Browsertech Digest: Cloudflare's durable multiplayer moat

If you'd rather listen to this post, it was also published as a podcast episode.

Cloudflare’s Workers product is probably best known among developers as a competitor to Amazon Lambda that runs on Cloudflare’s edge, but Workers has a trick up its sleeve that has also quietly made it a formidable platform for realtime multiplayer apps.

I say quietly because many developers building on Workers might not even know that they are building on it, as Cloudflare Workers power a number of popular multiplayer infrastructure products:

• PartyKit (acquired last week by Cloudflare)
• Replicache Reflect
• Liveblocks
• Y-Sweet (disclosure: I work on Y-Sweet)

Cloudflare's dominance in this niche comes from a feature called Durable Objects, which implements an abstraction that is both unique among cloud providers, and incredibly useful for real-time apps.

The Durable Object abstraction

Analogous to the way that function-as-a-service (FaaS) platforms like Amazon Lambda run a developer-provided function in the cloud, Durable Objects run a developer-provided class.

These Durable Object classes implement a method for handling requests. This method is akin to the handler function provided to other FaaS platforms, but it differs in two ways that are important for multiplayer apps:

1. it supports WebSocket connections, not just regular HTTP requests
2. it allows you to retain in-memory values (as class fields) across invocations (the infrastructure is technically allowed to evict an object from memory at any time, so a durable key/value store is also provided by the runtime)

The other important difference from a traditional FaaS is this: Durable Objects provide a way to reliably connect two clients to the same object. Each object has a (string) name that is used when connecting to it, which typically corresponds to a “room” or “document ID” in the application itself.

In practice, this means that two clients can establish WebSocket connections using the same document ID, and the infrastructure will guarantee that they are connected to the same Durable Object instance. This object will then be the authority for the state of that document, and can directly send changes to every client.

This is the difference that makes Durable Objects so compelling for multiplayer use cases, but it's also the reason that the Durable Object abstraction hasn't been slapped on top of other FaaS platforms – it is a radical departure from core assumptions made by their scheduling and routing systems.

Lambda does WebSockets, but badly

The best way to understand how much the Durable Object model simplifies multiplayer apps might be to compare it with Amazon's own preferred approach to using WebSockets on Lambda.

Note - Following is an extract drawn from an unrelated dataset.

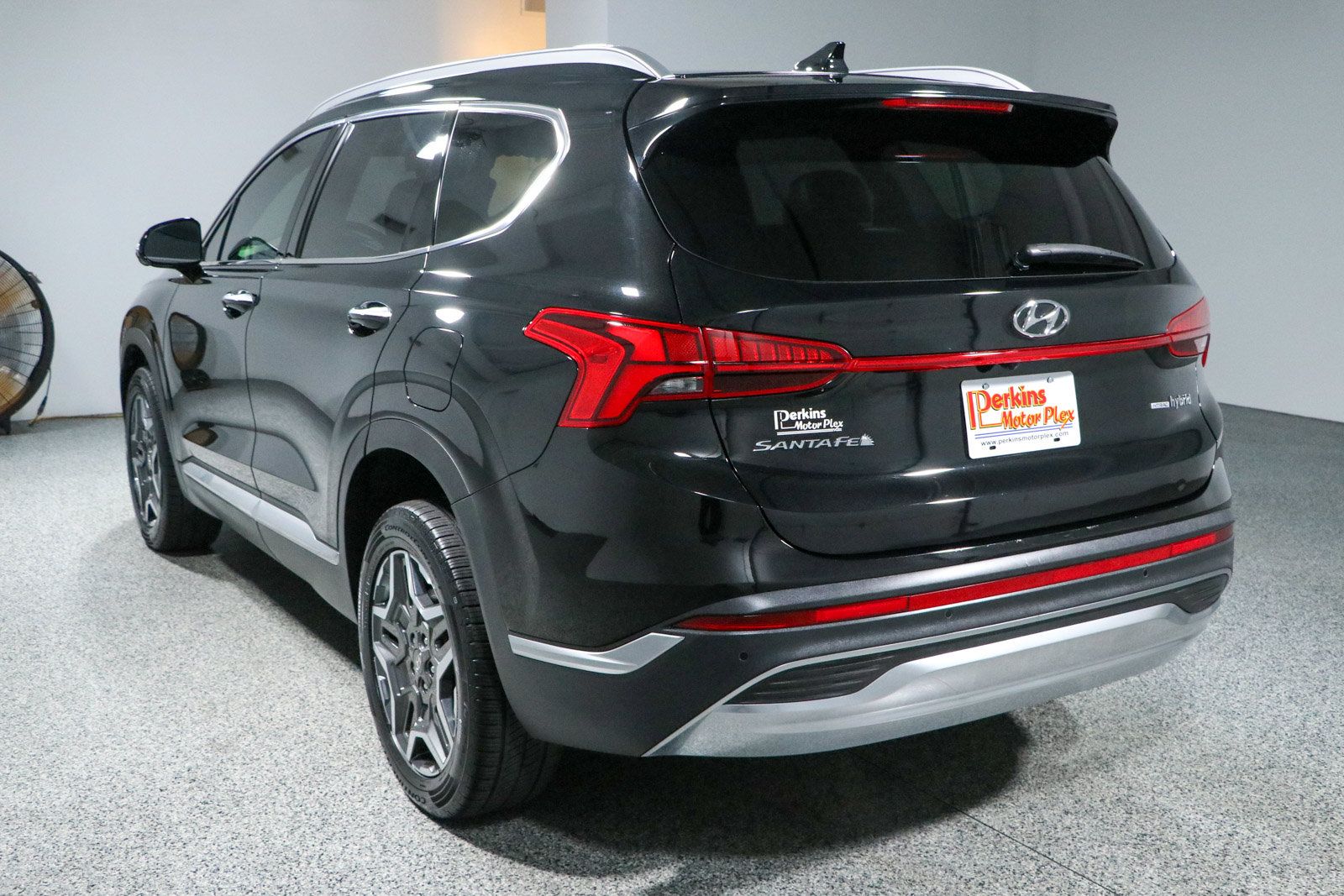 Used 2023 Hyundai Santa Fe SEL Premium AWD/4WD image 9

Lambda can't directly speak WebSocket. Instead, it needs to be paired with an API Gateway, which translates WebSocket messages and events into Lambda invocations. In other words, every single WebSocket message independently invokes a Lambda function.

These functions are stateless, but even something as simple as a broadcast channel needs state (to know which listeners to pass along the message to). Amazon resolves this by persisting handles to active connections in DynamoDB.

This means that every single message to a broadcast channel results in a DynamoDB query for a list of current clients, which it then iterates over to send messages to each.

This works, I guess. But I would need to make a spreadsheet model over three different AWS services to tell you what it cost, and it involves managing a bunch more AWS resources and writing a bunch of glue code to basically implement a context switch in userspace.

But there's a more subtle reason why this architecture doesn't work well for multiplayer: it lacks an authority. A bunch of multiplayer stuff gets way easier if, when processing a document change, a server is allowed to assume that it is the only server currently allowed to process changes for that document.

The desired abstraction, from the application programmer's point of view, is a single thread that can process all changes to one document in the order they are received. This is essentially what Durable Objects gives you.

For more depth, Sunil Pai of PartyKit wrote a great post explaining Durable Objects in the context of traditional FaaS.

Limitations of Durable Objects

Back in 2020, I wrote about the need for serverless infrastructure for WebSockets (wishing for “websocketd meets Lambda”). While Durable Objects has since partially filled that void, it comes with some caveats to my ideal:

• It only supports JavaScript and Wasm.
• It has a 128mb memory limit.
• It only runs on Cloudflare's infrastructure (the core workerd runtime is open source, but the scheduling/routing pieces that would be needed to run a multi-node system are proprietary).

One way to think about Jamsocket (the company I co-founded and the publisher of Browsertech) is as combining the scheduling/routing/one-instance-per-document functionality of Durable Objects with the universality of running a full Linux process (optionally on your own metal) instead of a V8 isolate.

Having seen the apps that can be built on stateful, scalable WebSocket tech, I expect to see a lot more apps take advantage of this architecture, whether on Durable Objects, Jamsocket, or something else. I'm biased, but it's pretty neat.

Until next time,

-- Paul